Nowadays, he said, people tend to live longer, but often our societies not only fail to make room for the elderly, but even consider them a burden. “A certain culture of profit insists on making the elderly appear to be a burden, an extra weight. They are not only unproductive; they are an encumbrance, and are to be discarded. And discarding them is sinful. We do not dare to say this openly, but it happens.”
“But rather than a burden,” affirmed Francis, “they are, as the Bible tells us, a storehouse of wisdom.”
And recounting an anecdote of the days he was archbishop of Buenos Aires, Pope Francis told of a visit to a home for the aged where he stopped to chat to one of the guests and asked her how her children were doing: “Well” answered the old woman. “Do they come to visit you?” he asked. “Oh yes, always” she replied. “And when was the last time they came?” he continued. “At Christmas,” she said. To which the then-archbishop replied: “That was August… Eight months without a visit from her children, for eight months she was abandoned. We can call this a mortal sin, right?” he said.

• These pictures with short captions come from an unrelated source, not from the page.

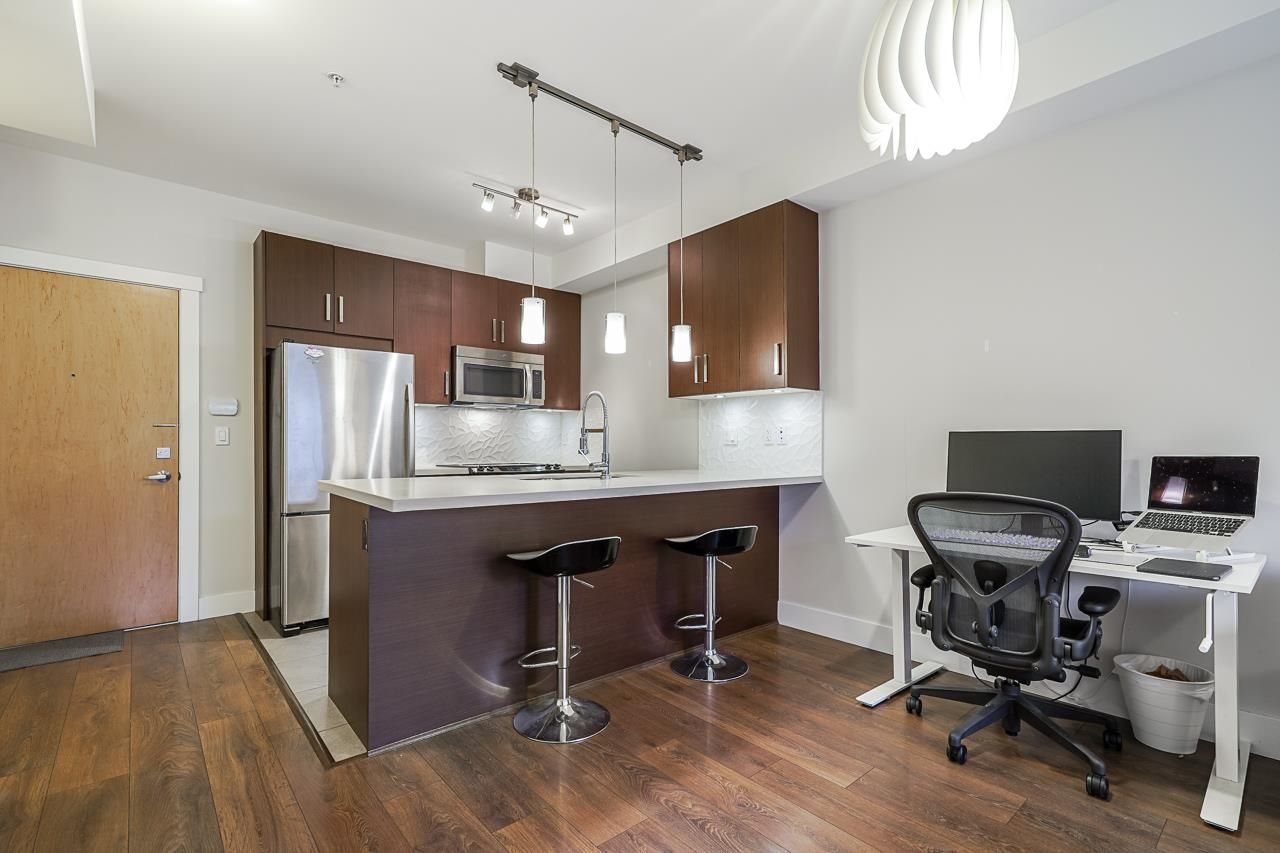 Listing Image 8
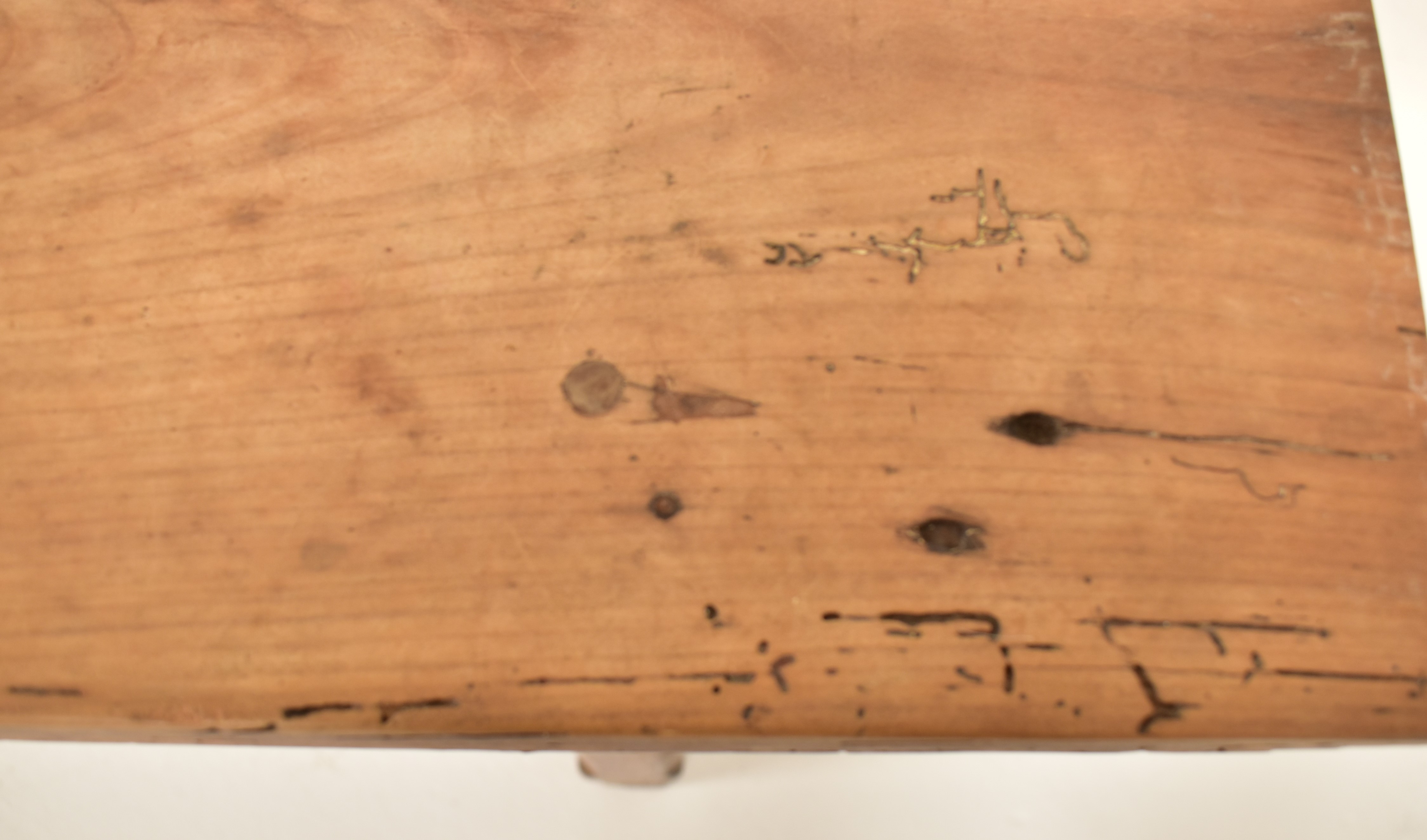 19TH CENTURY FRENCH CHESTNUT WOOD REFECTORY DINING TABLE - Image 4 of 6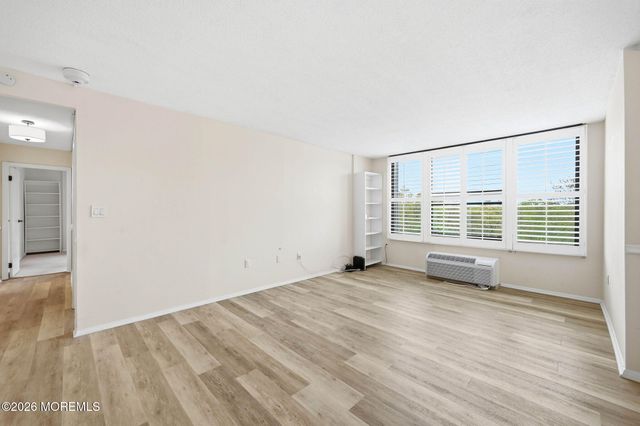 1 Scenic Drive 310, Highlands, NJ 07732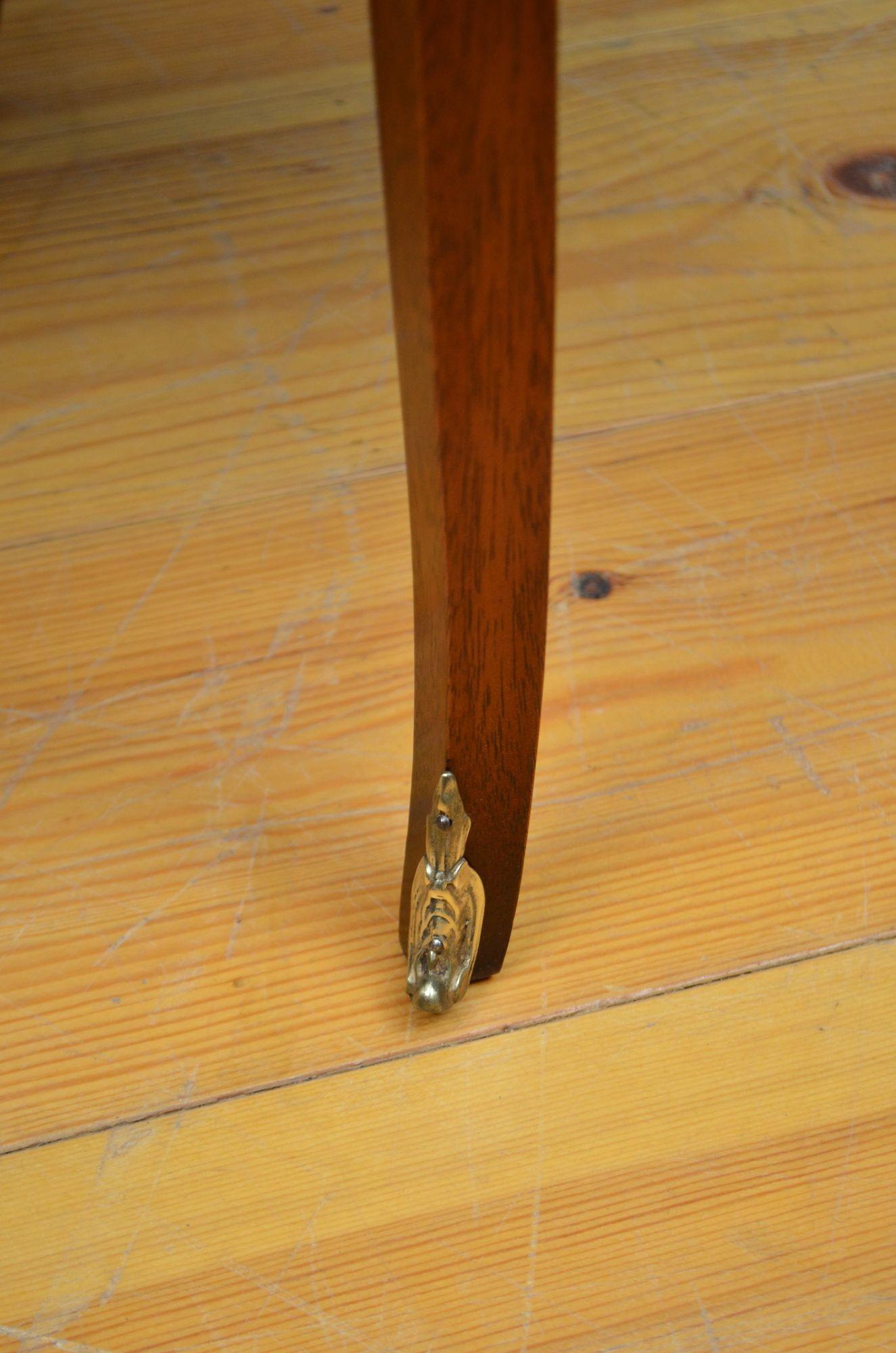 Paar Tulipwood Nachttische / Nachttischschränke im Angebot 7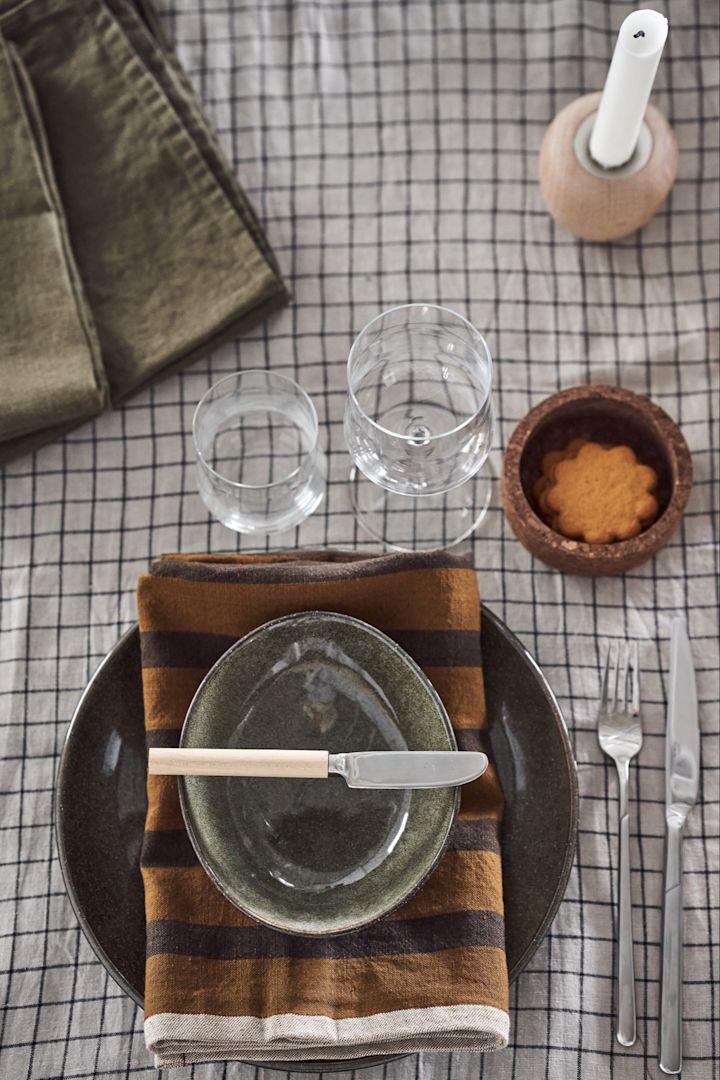 Here you see our Christmas tablescaping idea for the theme Cultivate with the lake green plate from House Doctor and the rustic butter knife from Ernst. 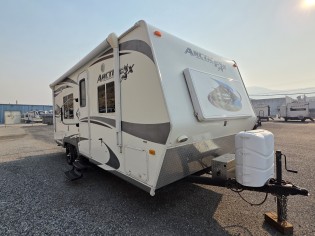 RVs-Arctic Fox-NORTHWOOD 22GQ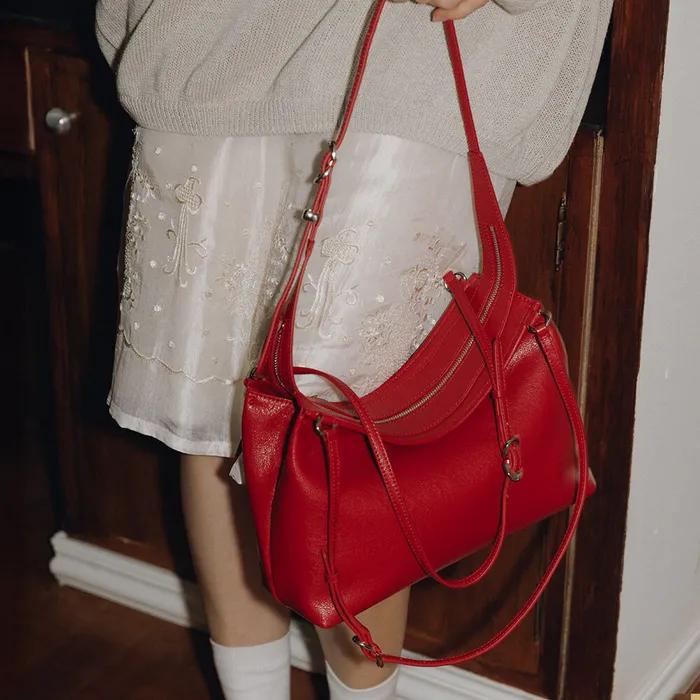 [29CM 단독] Vine Shoulder Medium FA6SB359-MH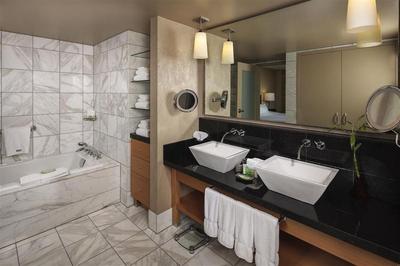 The Westin Detroit Metropolitan Airport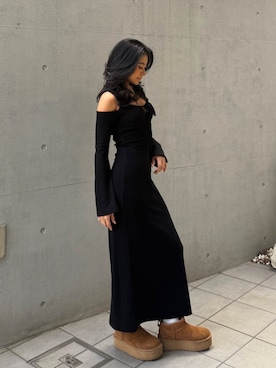 ALEXIA STAMさんのコーディネート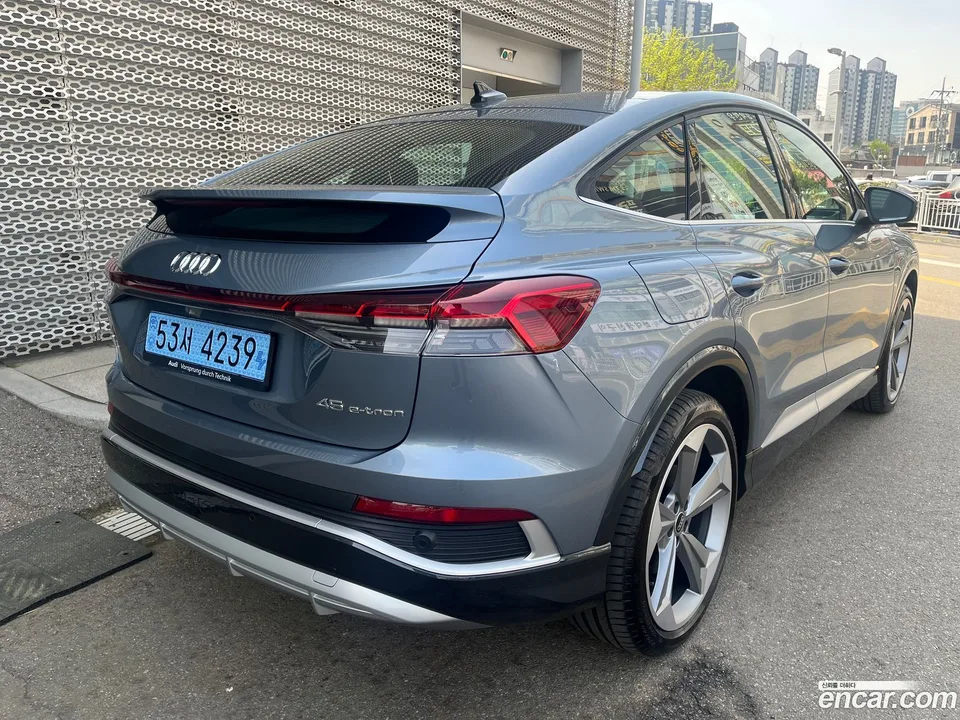 Audi Q4 e-tron 45 2025 — миниатюра 2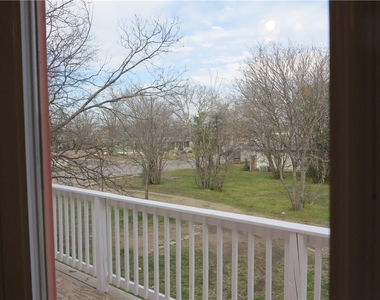 310 W University Ave - Photo Thumbnail 14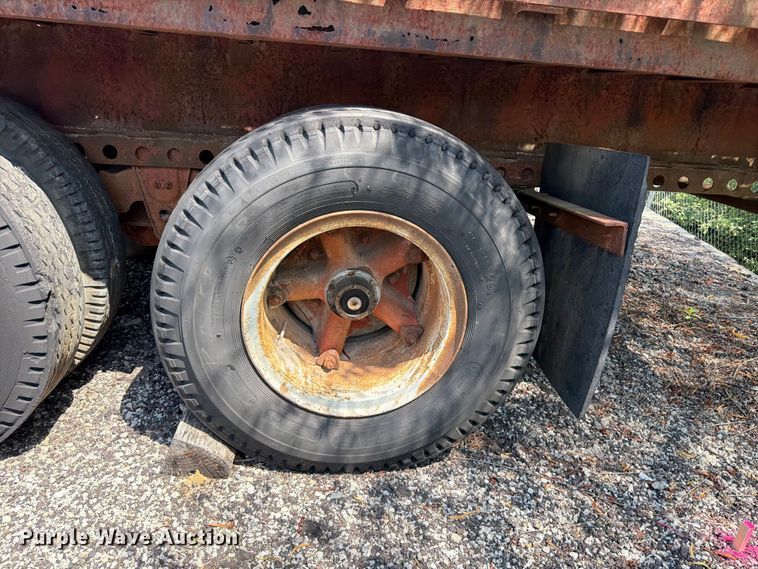 image for item FT6174 1974 Transcraft flatbed trailer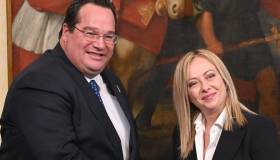 Stop all’aumento dell’età pensionabile: la promessa del Governo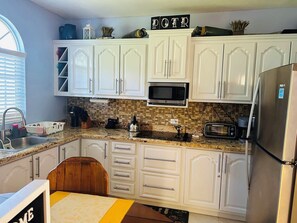 Private kitchen -  3 BEDROOMS - 3 BATHROOMS  OCEAN VIEW PENTHOUSE (Ocho Rios)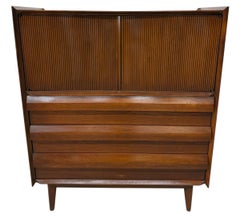 Coffre haut en noyer Mid-Century Modern United 1ST Edition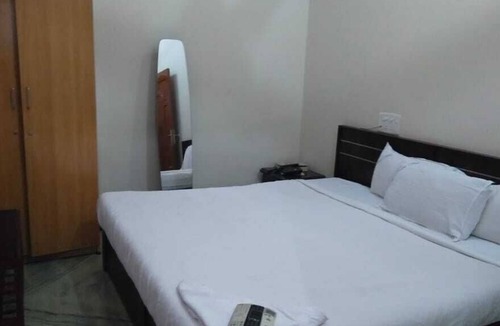 Thiruparankundram Hotel | Hotel Vaani Villa Madurai
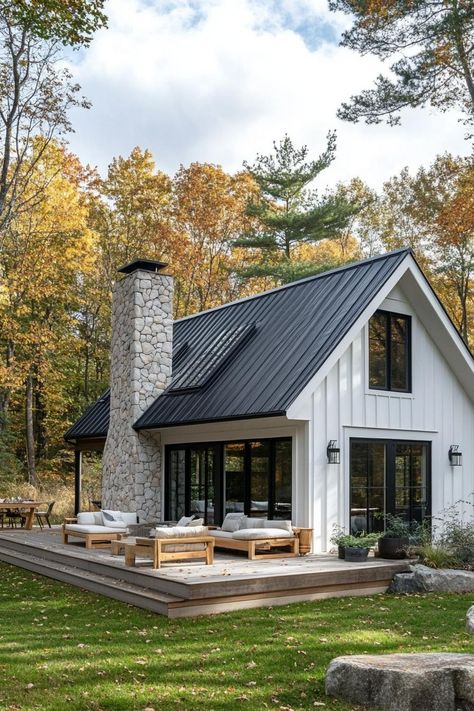 Two Cottages Connected, Cabin In The Woods Decorating Ideas, Smaller House Design, Airbnb House Plans, Modern Pnw Home, Rustic House Outside, Cabin Home Design, Modern Rustic House Design Exterior, Black House Exterior Farmhouse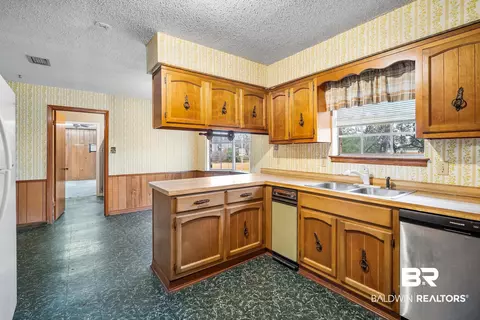 421 Pennington Cir, Mobile, AL 36606 photo 24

Pope Francis then told another personal, touching, rather amazing story:
“Once, as a child, my grandmother told the story of an old man, a grandfather, who, as he ate, would drop some food on himself as he was having trouble bringing the soup spoon to his mouth. His son, the father of this family, decided to move him from the family table into the kitchen where he made him a special table where he would not be seen, where he could eat alone. And that way he would not make a bad impression when friends came over for lunch or dinner. Several days later, the father comes home from work and sees his youngest son playing with wood, a hammer and some nails, trying to make something. “What are you making? asked the little boy’s father. “I’m making a table, Daddy.” “A table, why?” “For you, so that when you become old, you can also eat there!”
“Children have a better conscience than we do” said Pope Francis.
“It’s is a mortal sin to discard our elderly,” he insisted. “The elderly are not aliens, we are them, in a short or in a long while; we are inevitably them, even although we choose not to think about it. .. If we do not learn to look after and to respect our elderly, we will be treated in the same way,” he warned. “A society where the elderly are discarded carries within it the virus of death” he said.
In the tradition of the Church, there is “a legacy of wisdom that has always promoted a culture of closeness to the elderly, a willingness to provide affectionate and supportive accompaniment in this final stage of life. This tradition is rooted in the Sacred Scripture. … We must reawaken our collective sense of gratitude, appreciation and hospitality that enable the elderly to feel like a living part of the community. The elderly are men and women, mothers and fathers who have walked the same road before us, in the same house, in our everyday struggle for a dignified life. They are men and women from whom we have received much.”
“Where there is no honor to the elderly, there is no future for the young,” said Pope Francis.